Verses 6-12

“Give not that which is holy unto the dogs, neither cast ye your pearls before swine, lest they trample them under their feet, and turn again and rent you.”

Dogs and swine, besides being ceremonially unclean, were peculiarly repulsive to the Jews, and also to most of the ancients in general.

“that which is holy unto the dogs”
Literally:  “The holy to the dogs.”–

THE HOLY: (Grk.-to hagion)—It is not clear to what “the holy” is referring: perhaps to ear-rings or to amulets, but that would not appeal to dogs

          There may be the possibility that “holy” may refer to earrings.  There are two Hebrew words which are similar to each other, especially considering that Hebrew has no written vowels.  The word for holy is kadosh (K D SH), and the Aramaic word for earring is kadash (K D SH).  The consonants are the same, and in primitive written Hebrew the words look exactly the same.  Also, in the Talmud “An ear-ring in a swine’s snout” is a proverbial phrase for something which is entirely strange and out of place.  It is possible that the original phrase ran:  “Give not an earring to the dogs; neither cast ye your pearls before swine,” in which case the parallelism would be perfect.
          Trench, in his commentary, (Sermon on the Mount, p. 136) says that the reference is to the meat offered in sacrifice that must not be flung to dogs: “It is not that the dogs would not eat it, for it would be welcome to them; but that it would be a profanation to give it to them, thus to make it a skubalon,  (Ex 22:31). The yelping dogs would jump at it. Dogs are like wolves and infest the streets of oriental cities.
          The holy or sacred thing; could really refer to anything, especially of the sacrificial kind, which had been consecrated to God.  By some, the word “holy” has been supposed to mean flesh offered in sacrifice, which is made holy, or separated to a sacred use. But it probably here means anything connected with worship–admonition, precept, or doctrine.
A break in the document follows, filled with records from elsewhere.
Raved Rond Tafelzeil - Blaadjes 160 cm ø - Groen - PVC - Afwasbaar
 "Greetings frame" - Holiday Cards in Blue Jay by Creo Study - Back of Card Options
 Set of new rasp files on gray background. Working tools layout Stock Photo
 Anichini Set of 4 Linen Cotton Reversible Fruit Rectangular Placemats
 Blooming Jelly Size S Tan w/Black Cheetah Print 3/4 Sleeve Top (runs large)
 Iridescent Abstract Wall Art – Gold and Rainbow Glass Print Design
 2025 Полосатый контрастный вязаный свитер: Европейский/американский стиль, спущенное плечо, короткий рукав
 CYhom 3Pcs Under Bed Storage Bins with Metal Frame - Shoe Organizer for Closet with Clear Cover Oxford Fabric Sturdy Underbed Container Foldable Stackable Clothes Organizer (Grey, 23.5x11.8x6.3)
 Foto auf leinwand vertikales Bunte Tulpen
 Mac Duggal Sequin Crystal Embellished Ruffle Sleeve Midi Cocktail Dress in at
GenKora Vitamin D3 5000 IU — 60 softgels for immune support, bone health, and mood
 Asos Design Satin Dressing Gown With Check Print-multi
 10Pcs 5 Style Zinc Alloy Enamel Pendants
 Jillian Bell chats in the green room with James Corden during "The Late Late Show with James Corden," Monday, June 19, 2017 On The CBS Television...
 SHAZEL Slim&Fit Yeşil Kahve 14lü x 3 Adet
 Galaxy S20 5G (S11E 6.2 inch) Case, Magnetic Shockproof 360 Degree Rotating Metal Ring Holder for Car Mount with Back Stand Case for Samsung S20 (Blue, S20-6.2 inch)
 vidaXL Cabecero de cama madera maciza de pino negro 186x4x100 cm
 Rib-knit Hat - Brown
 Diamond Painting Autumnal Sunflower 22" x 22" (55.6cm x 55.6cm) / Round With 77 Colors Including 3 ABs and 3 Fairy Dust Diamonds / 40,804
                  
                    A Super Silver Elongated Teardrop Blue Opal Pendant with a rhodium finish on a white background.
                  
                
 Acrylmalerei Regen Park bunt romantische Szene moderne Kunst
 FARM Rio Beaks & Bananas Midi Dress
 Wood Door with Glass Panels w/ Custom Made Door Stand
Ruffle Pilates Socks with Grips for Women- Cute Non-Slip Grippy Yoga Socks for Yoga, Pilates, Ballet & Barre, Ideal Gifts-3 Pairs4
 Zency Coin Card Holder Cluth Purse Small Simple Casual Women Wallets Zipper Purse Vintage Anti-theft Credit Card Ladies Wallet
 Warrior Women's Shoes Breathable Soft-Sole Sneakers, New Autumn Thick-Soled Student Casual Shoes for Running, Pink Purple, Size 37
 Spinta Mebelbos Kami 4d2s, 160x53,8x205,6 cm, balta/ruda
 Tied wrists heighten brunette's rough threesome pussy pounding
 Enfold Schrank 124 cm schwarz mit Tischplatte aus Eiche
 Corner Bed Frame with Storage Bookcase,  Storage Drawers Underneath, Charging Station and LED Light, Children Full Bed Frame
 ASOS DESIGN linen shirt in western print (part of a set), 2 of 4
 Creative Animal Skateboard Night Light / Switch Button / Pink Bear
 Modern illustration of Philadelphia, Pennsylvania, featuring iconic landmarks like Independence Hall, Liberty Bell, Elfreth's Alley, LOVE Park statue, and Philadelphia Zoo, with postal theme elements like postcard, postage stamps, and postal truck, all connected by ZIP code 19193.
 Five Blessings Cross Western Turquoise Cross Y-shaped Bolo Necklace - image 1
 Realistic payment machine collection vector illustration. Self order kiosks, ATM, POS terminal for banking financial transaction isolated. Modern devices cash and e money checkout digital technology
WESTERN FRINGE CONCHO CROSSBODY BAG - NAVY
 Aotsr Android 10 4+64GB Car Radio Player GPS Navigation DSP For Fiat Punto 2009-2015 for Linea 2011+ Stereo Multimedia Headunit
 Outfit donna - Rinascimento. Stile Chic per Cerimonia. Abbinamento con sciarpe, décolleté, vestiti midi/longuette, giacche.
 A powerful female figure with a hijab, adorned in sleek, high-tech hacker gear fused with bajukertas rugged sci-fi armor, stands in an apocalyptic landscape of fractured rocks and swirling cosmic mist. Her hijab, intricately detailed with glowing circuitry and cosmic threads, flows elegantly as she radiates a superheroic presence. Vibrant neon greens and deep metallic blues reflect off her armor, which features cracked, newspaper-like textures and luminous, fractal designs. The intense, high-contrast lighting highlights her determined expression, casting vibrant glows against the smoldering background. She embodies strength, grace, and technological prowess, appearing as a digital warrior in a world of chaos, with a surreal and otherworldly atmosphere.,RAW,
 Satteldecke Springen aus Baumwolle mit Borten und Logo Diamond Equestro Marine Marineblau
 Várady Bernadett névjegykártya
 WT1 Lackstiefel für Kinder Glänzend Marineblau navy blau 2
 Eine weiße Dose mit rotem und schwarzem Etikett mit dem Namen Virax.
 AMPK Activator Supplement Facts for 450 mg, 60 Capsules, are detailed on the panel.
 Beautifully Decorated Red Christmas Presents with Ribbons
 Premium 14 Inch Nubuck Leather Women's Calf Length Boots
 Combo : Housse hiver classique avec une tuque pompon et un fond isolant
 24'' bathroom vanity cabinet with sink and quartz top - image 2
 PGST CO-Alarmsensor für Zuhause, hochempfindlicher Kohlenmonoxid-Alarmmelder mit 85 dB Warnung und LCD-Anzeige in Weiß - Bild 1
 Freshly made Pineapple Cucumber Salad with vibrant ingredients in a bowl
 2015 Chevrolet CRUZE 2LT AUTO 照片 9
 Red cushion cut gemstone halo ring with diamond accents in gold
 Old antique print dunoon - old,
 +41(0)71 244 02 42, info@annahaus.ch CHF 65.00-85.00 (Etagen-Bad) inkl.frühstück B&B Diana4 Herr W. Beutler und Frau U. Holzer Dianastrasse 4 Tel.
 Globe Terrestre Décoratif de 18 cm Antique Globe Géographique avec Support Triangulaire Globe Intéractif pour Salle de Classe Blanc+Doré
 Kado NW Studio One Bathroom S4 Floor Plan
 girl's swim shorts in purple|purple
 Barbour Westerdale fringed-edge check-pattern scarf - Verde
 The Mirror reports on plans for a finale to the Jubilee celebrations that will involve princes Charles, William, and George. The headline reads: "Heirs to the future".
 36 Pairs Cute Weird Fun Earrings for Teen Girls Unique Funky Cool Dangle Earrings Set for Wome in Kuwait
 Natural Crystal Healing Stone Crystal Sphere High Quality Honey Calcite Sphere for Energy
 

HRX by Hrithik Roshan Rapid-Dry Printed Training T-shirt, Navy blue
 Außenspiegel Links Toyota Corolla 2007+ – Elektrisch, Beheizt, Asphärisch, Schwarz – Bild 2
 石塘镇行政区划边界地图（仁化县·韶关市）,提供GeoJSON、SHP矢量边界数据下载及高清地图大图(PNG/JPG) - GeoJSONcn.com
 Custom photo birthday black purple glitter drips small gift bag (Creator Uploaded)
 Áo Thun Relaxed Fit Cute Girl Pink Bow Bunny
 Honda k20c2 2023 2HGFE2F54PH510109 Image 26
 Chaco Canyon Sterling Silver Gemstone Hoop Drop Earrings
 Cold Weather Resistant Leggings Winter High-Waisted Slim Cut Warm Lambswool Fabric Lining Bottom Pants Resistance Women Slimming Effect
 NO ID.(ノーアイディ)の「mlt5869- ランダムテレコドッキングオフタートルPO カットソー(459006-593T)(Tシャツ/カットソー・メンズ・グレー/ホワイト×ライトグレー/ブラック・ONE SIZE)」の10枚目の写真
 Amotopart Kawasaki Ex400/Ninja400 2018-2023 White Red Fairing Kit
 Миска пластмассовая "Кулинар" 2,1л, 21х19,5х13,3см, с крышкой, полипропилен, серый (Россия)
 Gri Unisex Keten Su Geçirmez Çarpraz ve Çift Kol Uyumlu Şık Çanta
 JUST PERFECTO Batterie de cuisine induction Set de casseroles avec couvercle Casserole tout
          DOGS: (Grk.–kusi)–Dogs were regarded by the Jewish law as being unclean animals. They probably used here to represent snarling, scoffers or gainsayers; savage or snarling haters of truth and righteousness.

The characteristic of ravenous dogs is brutality. To try to instill holy things into such low, unclean, and sordid brutal minds is useless. Also, to the Jews, “goyim” (their word for Gentiles) really meant dogs.  Both Paul and Peter use this word, “dog” as a term for evil-doers (Phil. 3:2; II Peter 2:22).  In Rev. 22:15 Christ also uses this term for evil-doers, or those outside of God.

“neither cast your pearls before the swine.”
Literally:  “Nor throw your pearls before the swine.”–The impure or coarse, who are incapable of appreciating the priceless jewels ofthe
Word of God.

PEARLS: (Grk.–margaritês)–In the Greek word for pearl we have in the name Margarita (Margaret).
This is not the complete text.